If you’re noticing a lot of high-end, complex art on your feeds lately, the reason is Dib Bangkok, the city’s first contemporary art museum—a huge win for Bangkok’s art scene brought to us by the Osathanugrah family.
The three-story warehouse, designed by WHY Architecture, is already turning heads and printing column inches, despite only opening to the public this Sunday. The Dib, from the Thai word meaning “raw”, opening will be a standard bearer for the contemporary art scene in mainland Southeast Asia.
The building itself is set in a 1980s adaptive-reuse warehouse redesigned by Kulapat Yantrasast of WHY Architecture in collaboration with Thailand-based international architectural design firm Architects 49 (A49). The new space, tucked away off Rama IV at the south end of Sukhumvit Soi 40, features eleven galleries over 7,000 square meters.

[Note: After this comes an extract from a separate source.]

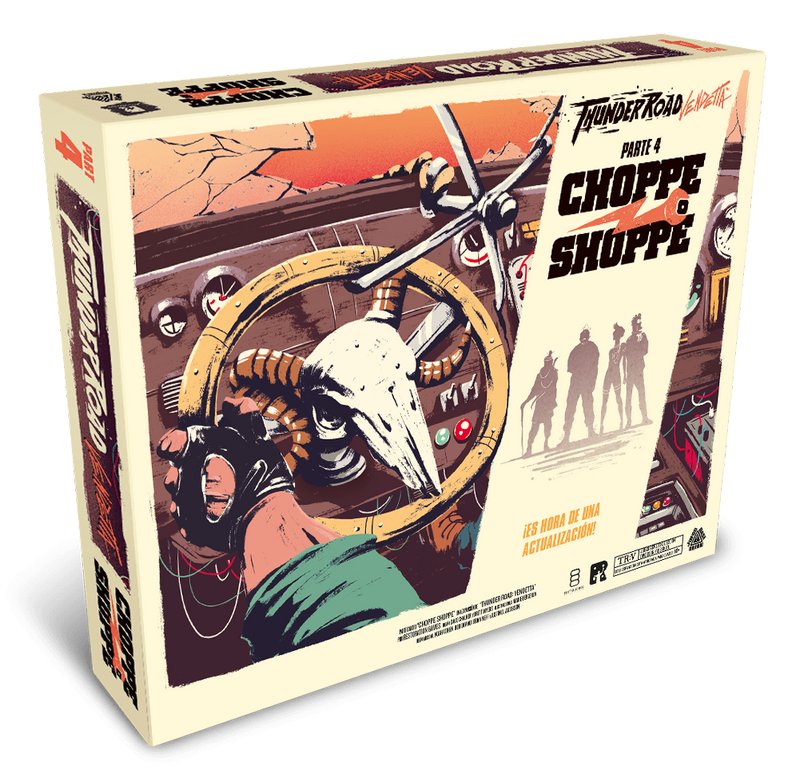 Thunder Road: Vendetta – Choppe Shoppe (expansión)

Photo: "Lotus Sound" by Montien Boonma, Courtesy of Dib Bangkok
For the inaugural exhibition, you can expect works from 40 leading artists such as Montien Boonma, Lee Bul, Anselm Kiefer, and Alicja Kwade under the exhibition “(In)visible Presence”—available through August 3.
The outdoor exhibitions are already drawing eyes from curious Bangkokians, with the 11 stone globes of Alicja Kwade’s Pars pro Toto installation already becoming something of a calling card for this new museum.
Opening day this Sunday will feature artist talks from Paloma Varga Weisz and Pinaree Sanpitak, Marco Fusinato and Sho Shibuya, and Alicja Kwade, and looking ahead, this venue plans to offer curator tours and family workshops.

Photo: Paloma Varga Weisz's "Bumpman on a Tree Trunk" / Courtesy of Dib Bangkok
The current exhibition will be open Thu-Mon 10am-7pm, and tickets can be reserved at the Dib Bangkok website. Along with over 1,000 works from over 200 artists, the new space features the Watthu-Dib Bistro & Bar as an all-day dining space.
For those on the Sukhumvit, Dib Bangkok is operating a 900-square-meter satellite site at Dib26 in Phrom Phong.